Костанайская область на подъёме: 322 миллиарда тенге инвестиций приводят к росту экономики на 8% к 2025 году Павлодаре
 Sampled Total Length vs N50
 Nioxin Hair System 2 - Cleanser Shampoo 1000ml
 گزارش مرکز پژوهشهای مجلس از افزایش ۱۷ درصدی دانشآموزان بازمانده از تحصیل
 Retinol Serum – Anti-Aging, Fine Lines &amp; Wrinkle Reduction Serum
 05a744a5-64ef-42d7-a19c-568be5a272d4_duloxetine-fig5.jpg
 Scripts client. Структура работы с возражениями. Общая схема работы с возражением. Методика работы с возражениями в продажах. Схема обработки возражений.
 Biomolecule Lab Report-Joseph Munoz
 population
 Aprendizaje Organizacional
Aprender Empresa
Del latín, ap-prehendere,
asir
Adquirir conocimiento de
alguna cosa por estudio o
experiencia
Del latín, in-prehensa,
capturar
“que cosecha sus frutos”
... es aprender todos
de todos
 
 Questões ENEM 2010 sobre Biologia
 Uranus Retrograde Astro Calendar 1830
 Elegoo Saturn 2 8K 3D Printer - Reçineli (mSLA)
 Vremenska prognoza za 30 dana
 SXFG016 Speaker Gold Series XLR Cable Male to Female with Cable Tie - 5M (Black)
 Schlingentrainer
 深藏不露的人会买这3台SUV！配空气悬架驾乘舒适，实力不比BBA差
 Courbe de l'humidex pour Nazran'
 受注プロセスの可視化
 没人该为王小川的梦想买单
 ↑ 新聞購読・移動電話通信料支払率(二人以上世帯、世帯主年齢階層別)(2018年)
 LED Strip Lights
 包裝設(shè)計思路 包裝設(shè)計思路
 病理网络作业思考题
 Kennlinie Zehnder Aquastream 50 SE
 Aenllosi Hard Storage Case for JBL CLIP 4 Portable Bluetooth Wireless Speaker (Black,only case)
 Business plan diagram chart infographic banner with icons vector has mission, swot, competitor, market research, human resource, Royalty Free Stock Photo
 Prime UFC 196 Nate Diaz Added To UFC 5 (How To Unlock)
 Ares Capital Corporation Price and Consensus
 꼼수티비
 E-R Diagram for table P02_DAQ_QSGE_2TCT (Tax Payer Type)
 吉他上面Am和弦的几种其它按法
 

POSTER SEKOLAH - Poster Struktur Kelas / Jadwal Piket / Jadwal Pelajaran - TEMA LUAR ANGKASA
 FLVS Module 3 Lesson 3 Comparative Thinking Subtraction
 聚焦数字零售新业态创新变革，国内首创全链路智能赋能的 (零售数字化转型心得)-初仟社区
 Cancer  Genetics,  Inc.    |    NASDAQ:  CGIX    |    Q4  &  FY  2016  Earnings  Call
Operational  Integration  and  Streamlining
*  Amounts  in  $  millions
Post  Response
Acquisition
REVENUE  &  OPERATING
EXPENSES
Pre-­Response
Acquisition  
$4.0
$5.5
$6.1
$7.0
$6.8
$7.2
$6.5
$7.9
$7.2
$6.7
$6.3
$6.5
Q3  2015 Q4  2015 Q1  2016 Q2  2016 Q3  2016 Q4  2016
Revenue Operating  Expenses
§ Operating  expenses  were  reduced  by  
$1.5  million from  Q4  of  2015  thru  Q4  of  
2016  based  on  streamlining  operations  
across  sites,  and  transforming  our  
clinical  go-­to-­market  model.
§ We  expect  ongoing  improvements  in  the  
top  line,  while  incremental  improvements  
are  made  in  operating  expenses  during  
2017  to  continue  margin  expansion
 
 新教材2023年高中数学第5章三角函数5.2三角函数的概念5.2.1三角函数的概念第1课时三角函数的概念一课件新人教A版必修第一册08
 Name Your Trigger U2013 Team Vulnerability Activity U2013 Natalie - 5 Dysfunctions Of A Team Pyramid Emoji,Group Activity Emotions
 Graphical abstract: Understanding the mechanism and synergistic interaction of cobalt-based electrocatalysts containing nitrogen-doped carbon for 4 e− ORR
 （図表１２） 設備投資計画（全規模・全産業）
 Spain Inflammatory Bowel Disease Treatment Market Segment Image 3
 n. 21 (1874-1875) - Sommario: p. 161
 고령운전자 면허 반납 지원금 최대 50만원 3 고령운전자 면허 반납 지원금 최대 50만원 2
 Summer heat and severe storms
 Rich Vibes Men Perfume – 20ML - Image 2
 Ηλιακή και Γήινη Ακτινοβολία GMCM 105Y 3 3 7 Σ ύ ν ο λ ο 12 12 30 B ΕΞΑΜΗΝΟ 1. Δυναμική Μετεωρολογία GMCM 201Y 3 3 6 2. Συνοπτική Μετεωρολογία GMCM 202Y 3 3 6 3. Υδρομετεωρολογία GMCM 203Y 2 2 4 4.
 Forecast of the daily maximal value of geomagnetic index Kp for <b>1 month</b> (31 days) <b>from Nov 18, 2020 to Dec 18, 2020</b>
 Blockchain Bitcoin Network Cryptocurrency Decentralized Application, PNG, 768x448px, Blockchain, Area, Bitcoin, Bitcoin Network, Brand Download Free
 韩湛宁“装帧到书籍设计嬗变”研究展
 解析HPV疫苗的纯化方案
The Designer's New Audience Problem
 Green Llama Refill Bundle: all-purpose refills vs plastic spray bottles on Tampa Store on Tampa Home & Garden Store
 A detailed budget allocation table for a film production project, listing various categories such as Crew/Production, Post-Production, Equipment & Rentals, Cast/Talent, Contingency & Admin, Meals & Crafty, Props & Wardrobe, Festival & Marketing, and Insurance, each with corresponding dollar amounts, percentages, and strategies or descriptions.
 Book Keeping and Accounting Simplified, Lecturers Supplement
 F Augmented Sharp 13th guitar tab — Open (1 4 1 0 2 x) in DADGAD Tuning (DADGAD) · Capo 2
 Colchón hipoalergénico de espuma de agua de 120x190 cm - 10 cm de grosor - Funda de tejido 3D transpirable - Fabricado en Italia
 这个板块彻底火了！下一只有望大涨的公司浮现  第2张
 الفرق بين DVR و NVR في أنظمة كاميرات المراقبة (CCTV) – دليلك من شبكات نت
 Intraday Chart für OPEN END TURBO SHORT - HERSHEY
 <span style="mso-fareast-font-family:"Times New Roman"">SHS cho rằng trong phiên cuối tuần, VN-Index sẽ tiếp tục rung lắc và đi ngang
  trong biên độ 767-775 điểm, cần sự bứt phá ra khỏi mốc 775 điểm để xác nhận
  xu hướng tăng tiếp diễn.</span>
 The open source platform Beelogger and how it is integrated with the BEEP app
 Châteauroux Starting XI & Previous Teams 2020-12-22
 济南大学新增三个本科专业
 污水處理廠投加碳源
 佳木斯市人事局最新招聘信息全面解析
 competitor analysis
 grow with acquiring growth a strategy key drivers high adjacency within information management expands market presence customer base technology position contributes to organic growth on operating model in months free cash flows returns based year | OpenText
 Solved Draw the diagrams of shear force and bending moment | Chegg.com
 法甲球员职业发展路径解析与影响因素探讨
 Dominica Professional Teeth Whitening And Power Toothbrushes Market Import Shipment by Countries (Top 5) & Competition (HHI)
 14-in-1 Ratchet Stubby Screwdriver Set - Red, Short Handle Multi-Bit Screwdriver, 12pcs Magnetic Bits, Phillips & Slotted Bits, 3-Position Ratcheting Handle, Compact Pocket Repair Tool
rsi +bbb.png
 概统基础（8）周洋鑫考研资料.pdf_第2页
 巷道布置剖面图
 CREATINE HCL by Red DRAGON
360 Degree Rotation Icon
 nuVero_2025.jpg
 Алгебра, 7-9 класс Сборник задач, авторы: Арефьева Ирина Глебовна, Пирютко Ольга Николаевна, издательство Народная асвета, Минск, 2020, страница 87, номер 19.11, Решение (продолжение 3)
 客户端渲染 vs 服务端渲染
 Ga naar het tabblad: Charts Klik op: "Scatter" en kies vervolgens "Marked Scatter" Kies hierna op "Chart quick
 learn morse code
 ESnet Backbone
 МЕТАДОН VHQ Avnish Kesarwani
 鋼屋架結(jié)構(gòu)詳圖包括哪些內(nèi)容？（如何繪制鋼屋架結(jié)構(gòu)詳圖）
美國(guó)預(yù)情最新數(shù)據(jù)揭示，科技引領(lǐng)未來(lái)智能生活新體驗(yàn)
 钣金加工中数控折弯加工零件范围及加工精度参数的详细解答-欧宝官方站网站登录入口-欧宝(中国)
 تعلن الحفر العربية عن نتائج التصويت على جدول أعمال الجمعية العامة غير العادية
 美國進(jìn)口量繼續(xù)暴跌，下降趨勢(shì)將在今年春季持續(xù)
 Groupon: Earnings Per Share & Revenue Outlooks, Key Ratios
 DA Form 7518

•••••

* **PROBLEM DESCRIPTION**:
In the data above, retype exactly and only the lines between the one holding "Elegoo Saturn 2" and the one holding "Aenllosi Hard Storage", inclusive.

* **TASK OUTPUT**:
 Elegoo Saturn 2 8K 3D Printer - Reçineli (mSLA)
 Vremenska prognoza za 30 dana
 SXFG016 Speaker Gold Series XLR Cable Male to Female with Cable Tie - 5M (Black)
 Schlingentrainer
 深藏不露的人会买这3台SUV！配空气悬架驾乘舒适，实力不比BBA差
 Courbe de l'humidex pour Nazran'
 受注プロセスの可視化
 没人该为王小川的梦想买单
 ↑ 新聞購読・移動電話通信料支払率(二人以上世帯、世帯主年齢階層別)(2018年)
 LED Strip Lights
 包裝設(shè)計思路 包裝設(shè)計思路
 病理网络作业思考题
 Kennlinie Zehnder Aquastream 50 SE
 Aenllosi Hard Storage Case for JBL CLIP 4 Portable Bluetooth Wireless Speaker (Black,only case)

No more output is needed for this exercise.